Task instructions: Keep to one stretch of the data below, the lines from the one with "Сірий Мазда 2, об'ємом" up to and including the one with "bathroom with sink, tile", and return that stretch exactly.

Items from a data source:
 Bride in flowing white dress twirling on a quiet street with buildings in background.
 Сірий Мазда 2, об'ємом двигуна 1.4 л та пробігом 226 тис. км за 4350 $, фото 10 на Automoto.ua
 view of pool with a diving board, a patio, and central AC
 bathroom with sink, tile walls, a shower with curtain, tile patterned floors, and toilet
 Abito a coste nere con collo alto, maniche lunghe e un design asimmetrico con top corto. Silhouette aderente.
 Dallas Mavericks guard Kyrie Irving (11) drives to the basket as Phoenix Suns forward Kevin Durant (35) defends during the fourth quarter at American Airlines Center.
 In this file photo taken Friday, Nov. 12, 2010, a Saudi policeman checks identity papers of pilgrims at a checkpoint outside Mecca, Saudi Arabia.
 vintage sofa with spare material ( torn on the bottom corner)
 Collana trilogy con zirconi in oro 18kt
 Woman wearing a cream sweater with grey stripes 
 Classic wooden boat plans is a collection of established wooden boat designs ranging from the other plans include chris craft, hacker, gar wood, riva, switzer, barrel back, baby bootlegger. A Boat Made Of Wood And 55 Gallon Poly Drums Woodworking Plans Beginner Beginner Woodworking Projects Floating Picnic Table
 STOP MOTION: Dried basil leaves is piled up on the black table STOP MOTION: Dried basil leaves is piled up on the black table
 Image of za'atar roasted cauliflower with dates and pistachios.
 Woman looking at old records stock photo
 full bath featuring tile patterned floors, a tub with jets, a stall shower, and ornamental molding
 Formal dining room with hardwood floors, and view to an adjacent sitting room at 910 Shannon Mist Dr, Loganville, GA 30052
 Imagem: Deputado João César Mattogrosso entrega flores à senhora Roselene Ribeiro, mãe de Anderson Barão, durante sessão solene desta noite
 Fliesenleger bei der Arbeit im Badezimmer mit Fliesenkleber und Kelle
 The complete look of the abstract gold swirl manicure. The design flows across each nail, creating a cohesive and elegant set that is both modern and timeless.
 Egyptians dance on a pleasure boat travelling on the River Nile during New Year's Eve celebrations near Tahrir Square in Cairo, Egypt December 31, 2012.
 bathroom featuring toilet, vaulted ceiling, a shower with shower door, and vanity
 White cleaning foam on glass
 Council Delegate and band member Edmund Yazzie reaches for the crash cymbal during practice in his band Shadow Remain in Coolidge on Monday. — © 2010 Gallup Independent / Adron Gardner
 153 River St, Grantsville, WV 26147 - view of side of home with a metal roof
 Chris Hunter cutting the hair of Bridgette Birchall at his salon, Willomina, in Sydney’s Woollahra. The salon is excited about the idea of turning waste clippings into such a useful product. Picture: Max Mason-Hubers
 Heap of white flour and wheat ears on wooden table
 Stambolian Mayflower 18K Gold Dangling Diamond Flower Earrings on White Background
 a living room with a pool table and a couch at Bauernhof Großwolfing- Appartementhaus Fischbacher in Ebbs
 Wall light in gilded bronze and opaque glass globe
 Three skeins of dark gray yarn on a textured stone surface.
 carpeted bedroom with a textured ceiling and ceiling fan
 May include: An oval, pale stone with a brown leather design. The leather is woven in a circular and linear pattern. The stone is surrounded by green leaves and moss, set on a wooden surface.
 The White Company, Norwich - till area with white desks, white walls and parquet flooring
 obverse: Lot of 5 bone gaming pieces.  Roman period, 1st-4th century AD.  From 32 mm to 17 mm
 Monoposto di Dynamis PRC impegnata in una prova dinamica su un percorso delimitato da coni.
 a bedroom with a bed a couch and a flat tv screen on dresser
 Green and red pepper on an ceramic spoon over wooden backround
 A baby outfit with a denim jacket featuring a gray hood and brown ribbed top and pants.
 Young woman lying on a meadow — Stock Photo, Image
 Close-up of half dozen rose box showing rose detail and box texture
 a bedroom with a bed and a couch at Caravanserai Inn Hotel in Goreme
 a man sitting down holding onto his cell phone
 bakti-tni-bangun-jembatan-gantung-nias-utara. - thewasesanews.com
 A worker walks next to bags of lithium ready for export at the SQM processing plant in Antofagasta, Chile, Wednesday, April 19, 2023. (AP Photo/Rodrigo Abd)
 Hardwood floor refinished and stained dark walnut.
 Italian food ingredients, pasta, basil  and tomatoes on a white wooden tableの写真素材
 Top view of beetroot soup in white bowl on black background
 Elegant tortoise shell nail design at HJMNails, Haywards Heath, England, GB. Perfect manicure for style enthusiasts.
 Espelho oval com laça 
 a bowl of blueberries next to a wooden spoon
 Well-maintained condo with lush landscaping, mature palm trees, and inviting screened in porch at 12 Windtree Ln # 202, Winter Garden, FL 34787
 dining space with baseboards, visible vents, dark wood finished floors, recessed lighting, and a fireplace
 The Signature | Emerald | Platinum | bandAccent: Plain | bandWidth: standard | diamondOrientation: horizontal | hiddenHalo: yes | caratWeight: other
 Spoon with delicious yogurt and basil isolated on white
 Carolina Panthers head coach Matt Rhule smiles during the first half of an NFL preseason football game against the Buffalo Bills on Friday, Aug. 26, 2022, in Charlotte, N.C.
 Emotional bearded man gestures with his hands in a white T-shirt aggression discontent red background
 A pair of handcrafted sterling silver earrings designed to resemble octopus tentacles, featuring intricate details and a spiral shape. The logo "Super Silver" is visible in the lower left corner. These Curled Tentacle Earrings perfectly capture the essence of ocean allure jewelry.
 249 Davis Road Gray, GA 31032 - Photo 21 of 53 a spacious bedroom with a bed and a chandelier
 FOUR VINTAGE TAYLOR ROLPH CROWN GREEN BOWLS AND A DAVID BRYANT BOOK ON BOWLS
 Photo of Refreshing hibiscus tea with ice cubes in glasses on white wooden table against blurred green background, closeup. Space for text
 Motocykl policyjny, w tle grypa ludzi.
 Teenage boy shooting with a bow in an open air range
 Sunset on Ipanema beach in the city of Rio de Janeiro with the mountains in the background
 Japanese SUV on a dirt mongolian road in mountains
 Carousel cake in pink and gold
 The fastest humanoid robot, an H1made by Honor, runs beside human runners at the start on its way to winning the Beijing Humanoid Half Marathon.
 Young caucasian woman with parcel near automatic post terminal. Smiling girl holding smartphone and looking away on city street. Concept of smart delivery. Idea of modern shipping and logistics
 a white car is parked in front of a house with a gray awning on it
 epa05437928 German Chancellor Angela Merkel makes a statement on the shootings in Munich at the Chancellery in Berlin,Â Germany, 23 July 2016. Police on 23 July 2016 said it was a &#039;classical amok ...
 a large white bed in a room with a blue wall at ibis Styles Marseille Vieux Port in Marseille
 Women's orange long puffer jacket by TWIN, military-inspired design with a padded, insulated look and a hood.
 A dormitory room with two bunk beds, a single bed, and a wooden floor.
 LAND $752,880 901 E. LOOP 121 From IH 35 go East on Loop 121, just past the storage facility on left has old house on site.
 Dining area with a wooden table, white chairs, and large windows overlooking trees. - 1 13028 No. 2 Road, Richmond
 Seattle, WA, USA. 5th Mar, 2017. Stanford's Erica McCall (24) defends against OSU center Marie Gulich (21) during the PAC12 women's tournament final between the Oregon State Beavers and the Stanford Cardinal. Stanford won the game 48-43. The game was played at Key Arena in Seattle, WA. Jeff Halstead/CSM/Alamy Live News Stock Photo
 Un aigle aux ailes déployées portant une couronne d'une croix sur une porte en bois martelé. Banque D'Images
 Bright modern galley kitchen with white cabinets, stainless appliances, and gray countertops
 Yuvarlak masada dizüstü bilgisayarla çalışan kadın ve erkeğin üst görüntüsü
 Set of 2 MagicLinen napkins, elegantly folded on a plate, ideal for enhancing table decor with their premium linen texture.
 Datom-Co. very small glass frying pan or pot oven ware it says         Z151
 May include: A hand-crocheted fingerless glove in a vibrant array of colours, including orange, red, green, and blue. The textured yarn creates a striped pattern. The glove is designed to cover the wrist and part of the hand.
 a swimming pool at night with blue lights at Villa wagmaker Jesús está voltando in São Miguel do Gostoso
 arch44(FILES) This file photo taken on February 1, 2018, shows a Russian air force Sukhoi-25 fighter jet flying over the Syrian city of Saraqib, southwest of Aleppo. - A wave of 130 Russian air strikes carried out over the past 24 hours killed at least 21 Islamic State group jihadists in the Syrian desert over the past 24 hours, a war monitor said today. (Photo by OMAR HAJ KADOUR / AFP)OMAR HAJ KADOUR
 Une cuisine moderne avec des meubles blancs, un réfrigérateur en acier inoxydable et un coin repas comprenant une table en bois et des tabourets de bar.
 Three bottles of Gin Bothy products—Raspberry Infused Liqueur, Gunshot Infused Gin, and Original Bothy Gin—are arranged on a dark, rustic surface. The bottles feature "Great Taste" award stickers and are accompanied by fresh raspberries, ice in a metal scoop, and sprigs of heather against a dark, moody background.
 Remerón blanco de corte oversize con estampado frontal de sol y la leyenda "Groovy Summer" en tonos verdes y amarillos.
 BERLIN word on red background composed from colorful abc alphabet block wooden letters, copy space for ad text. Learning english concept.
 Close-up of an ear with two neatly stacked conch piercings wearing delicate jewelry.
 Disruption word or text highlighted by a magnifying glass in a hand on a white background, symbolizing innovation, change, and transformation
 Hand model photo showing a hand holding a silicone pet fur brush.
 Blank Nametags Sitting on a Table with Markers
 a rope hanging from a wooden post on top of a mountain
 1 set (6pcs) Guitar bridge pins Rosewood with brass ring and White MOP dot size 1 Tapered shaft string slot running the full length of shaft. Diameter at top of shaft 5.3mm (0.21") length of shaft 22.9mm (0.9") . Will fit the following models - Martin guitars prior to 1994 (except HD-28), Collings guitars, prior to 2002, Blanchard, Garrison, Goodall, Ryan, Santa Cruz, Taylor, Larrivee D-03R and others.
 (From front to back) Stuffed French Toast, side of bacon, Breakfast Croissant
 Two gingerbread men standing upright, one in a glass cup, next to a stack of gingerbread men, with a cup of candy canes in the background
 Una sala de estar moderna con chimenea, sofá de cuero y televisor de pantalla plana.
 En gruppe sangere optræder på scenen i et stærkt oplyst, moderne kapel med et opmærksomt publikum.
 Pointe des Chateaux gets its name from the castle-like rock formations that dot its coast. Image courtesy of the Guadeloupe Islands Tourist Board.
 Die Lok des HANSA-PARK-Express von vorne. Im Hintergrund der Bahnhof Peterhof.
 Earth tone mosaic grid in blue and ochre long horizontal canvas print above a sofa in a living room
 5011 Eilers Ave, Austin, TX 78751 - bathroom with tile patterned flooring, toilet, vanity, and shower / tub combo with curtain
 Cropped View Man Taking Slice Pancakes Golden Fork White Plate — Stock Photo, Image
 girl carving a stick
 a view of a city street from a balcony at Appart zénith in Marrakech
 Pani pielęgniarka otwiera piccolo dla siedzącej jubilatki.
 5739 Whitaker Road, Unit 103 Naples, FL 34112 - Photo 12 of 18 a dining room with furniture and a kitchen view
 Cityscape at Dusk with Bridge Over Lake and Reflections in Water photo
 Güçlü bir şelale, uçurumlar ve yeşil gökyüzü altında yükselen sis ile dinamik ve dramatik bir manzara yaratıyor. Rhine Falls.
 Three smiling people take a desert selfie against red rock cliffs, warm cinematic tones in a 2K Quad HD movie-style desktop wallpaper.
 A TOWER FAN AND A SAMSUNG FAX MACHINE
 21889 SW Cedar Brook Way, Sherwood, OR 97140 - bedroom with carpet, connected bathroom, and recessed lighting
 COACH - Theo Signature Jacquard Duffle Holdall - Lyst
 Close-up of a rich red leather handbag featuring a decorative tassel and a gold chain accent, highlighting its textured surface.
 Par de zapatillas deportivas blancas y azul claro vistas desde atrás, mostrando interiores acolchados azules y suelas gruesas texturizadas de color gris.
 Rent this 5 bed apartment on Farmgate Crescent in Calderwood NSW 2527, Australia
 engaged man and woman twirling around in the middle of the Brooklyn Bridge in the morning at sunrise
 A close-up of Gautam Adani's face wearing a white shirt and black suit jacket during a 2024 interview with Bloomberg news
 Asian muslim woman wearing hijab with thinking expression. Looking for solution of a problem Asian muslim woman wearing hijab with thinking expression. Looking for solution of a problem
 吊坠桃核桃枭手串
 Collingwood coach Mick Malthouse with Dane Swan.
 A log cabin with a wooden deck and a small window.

Response box:
 Сірий Мазда 2, об'ємом двигуна 1.4 л та пробігом 226 тис. км за 4350 $, фото 10 на Automoto.ua
 view of pool with a diving board, a patio, and central AC
 bathroom with sink, tile walls, a shower with curtain, tile patterned floors, and toilet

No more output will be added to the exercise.